While in Urianhai, Ossendowski met Ta Lama, Prince of Soldjak and High Priest of the Buddhist Temple whose wife had red eyes. After he healed her eyes, the Prince "ordered one of the Soyots to guide their party to the Kosogol" Lake Khövsgöl. This was near the Tannu-Ola mountains.

Their Soyot guide took them through the Ulaan Taiga and the Darkhad Valley where they met Soyot herdmen rapidly driving their cattle over the Darkhat plain toward the northwest into Orgarkha Ola. They communicated to us very unpleasant news. They were fleeing the Bolsheviki from the Irkutsk district who had crossed the Mongolian border and captured the Russian colony at Khathyl on the southern shore of Lake Kosogol and were continuing their advance.

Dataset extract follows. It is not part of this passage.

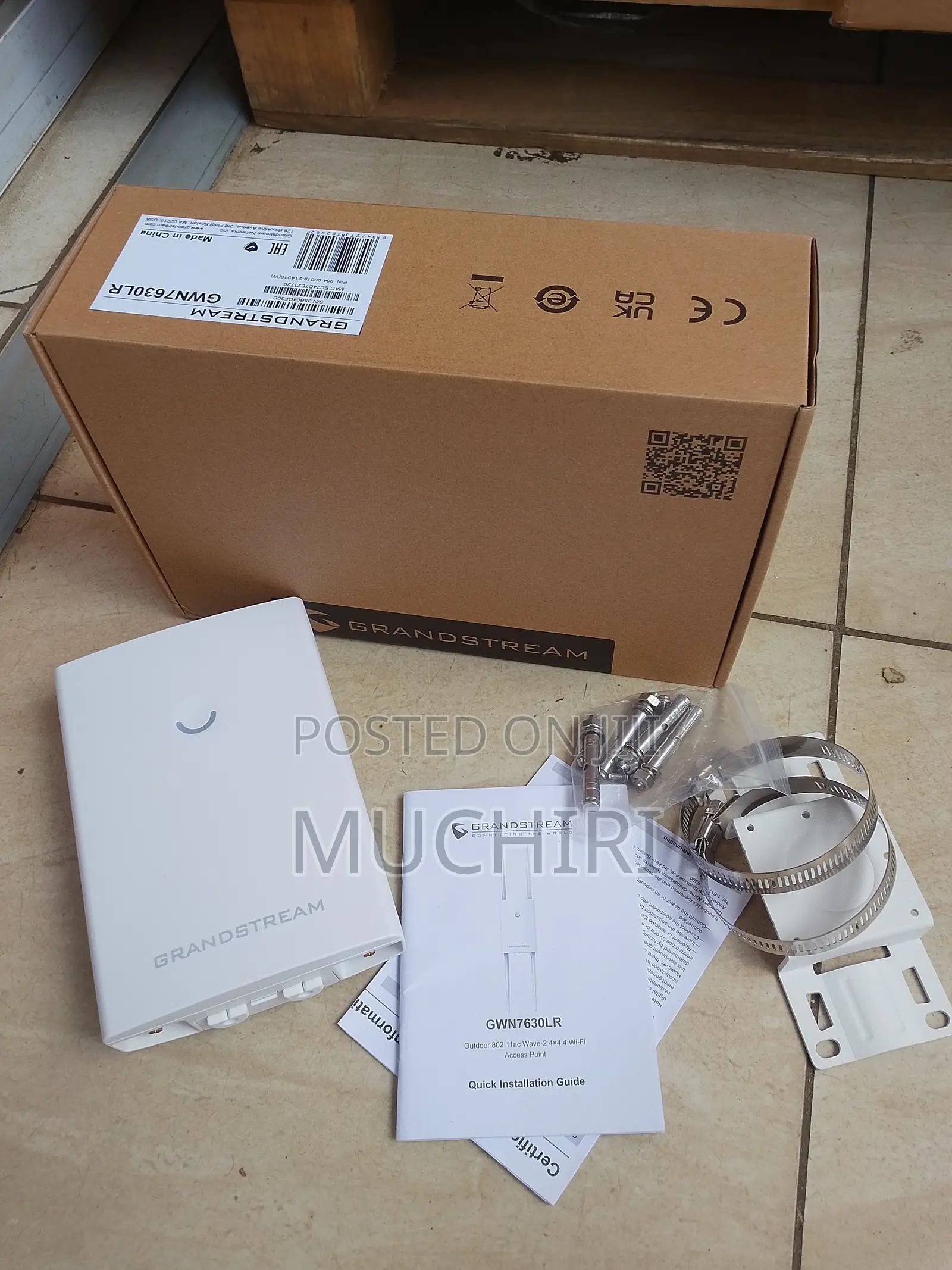 Grandstream GWN7630LR Long Range WiFi 5 Access Point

A Norwegian scientific expedition, led by Orjan Olsen, H. Printz, Anders K. Olsen, Fritz Jensen (Norway) and J. E. Gustschin (Russia) in the early 1910s provides information on the customs of these people before they were completely assimilated to the Buryats. The ethnographic data and photographs collected by these scientists were published by Olsen in the book: "Et primitivt folk de mongolske rennomader" (Cappeln, 1915). There is a Spanish edition: "Los soyotos, un pueblo primitivo. Nómadas mongoles pastores de renos" (Calpe, Madrid, 1921). With all its shortcomings (the book is flawed with the eurocentrism of its age), it is probably the best study of these isolated people before they adapted to the larger Buryat culture. It includes a short list of Soyot words, several dozen photographs and a fortunate preserved account of a Soyot shamanic tale of divination, along with a detailed account of both shamanic and lamaistic rituals among these people (both Buddhism and native animism syncretically coexisted at the time of the expedition).

Soyot as an endangered language

According to Valentin I. Rassadin, the Soyots spoke their own language of the Turkic family—which basically similar to the Dukhan and closely related to the Tofa language—fluently in the 1920s.(Rassadin 1996:10–22). Many Soyot married into the larger culture, the Buryats. By 1996 the language was almost lost (Rassadin 1996:10–22).

Their language has been reconstructed and a textbook has been published. The language is currently taught in some schools in Oka.

Shamanism
Among the various Soyot cultures, the central Soyot groups, keeping cattle and horses, show Khalkha-Mongolian  phenomena in their shamanism, the shamanism of Western Soyots, living on the steppe, is similar to that of Altai Turkic peoples. A shaman story narrates contacts between Soyots and Abakan Turkic peoples in a mythical form. The Karagas and Eastern (reindeer-breeding, mountain-inhabiting) Soyots have many similarities in their culture and shamanism. It was these two cultures who presented some ethnic features, phenomena lacking among neighboring Turkic peoples  In a Soyot shamanic song, sounds of bird and wolf are imitated to represent helping spirits of the shaman. According to Rassadin, Buryat Buddhist lamas attempted to put an end to Soyot shamanism (Rassadin 1996:10–-22).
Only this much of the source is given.